John Leo has an article that discusses "evidence" men and women are different -- amazing, isn't it -- more amazing is that this is news, that men and women of academia refuse to admit this. Even more amazing is there have actually been studies to determine this -- all they had to do is ask my wife, my parents, my grandparents, my grandparents, etc.
Could the recent flap over comments by Harvard President Lawrence Summers about women and science have ended differently? Oh, yes. Summers is bold enough to speak unfashionable truths now and then, but, alas, he is not inclined to stick to his guns very long. When the opposition howled, he buckled quickly and issued regrets and apologies. But suppose Summers had been the owner of a sturdier spine. He might have made a serious contribution. He could have said something like this:

Yesterday I spoke bluntly at a closed academic conference and offered some possible explanations of why women are less represented than men in the upper reaches of math and science. In addition to the cost of the time women spend in bearing and raising children, I said that innate sexual differences may be playing a role.

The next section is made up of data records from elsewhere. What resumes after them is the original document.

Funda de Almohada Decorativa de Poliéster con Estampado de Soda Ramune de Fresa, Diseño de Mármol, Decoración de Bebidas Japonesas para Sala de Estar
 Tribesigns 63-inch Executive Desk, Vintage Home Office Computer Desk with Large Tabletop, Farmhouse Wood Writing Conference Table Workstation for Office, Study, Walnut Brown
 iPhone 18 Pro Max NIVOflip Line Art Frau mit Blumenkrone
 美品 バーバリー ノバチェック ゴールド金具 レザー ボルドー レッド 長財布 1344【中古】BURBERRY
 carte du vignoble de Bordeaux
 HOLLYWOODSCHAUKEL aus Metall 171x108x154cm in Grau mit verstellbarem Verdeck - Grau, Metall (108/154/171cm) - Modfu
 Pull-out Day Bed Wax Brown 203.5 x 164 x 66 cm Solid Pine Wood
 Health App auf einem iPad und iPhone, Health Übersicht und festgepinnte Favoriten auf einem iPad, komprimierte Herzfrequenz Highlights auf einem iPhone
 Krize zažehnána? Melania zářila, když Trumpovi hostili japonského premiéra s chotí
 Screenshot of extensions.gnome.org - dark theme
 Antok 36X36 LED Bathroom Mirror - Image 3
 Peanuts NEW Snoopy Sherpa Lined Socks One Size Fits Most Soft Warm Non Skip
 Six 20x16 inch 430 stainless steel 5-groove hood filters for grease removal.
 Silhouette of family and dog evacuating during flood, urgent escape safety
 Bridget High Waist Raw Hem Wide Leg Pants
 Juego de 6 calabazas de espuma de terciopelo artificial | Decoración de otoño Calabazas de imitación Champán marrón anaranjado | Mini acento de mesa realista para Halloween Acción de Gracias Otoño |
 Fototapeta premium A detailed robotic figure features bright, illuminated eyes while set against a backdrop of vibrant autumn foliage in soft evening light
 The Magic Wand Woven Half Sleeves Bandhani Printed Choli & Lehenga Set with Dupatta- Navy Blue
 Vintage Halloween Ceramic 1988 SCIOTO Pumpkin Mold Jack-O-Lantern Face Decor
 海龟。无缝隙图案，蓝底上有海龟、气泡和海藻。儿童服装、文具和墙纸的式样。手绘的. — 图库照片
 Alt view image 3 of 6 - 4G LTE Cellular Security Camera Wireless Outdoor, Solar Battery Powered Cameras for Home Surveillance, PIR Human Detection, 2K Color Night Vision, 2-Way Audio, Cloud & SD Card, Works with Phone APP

"This was a politically incorrect thing to say, but I believe it is true. An enormous literature on sexual differences has been piling up for 30 years or more. Everybody knows about this work, but it is one of the large elephants in the academic living room that nobody is supposed to notice. It is officially invisible. Careers can end if you see it.

"The literature points to one conclusion: The sexes are different. Males and females have different aptitudes, and they make choices based on those aptitudes. Males tend to outperform females on mathematical reasoning, mechanical comprehension and spatial ability, while females tend to outperform males in such areas as language use, reading comprehension, verbal fluency, verbal memory, spelling and mathematical calculations. On many verbal tasks, women as a group are decisively better than men and remain so all their lives.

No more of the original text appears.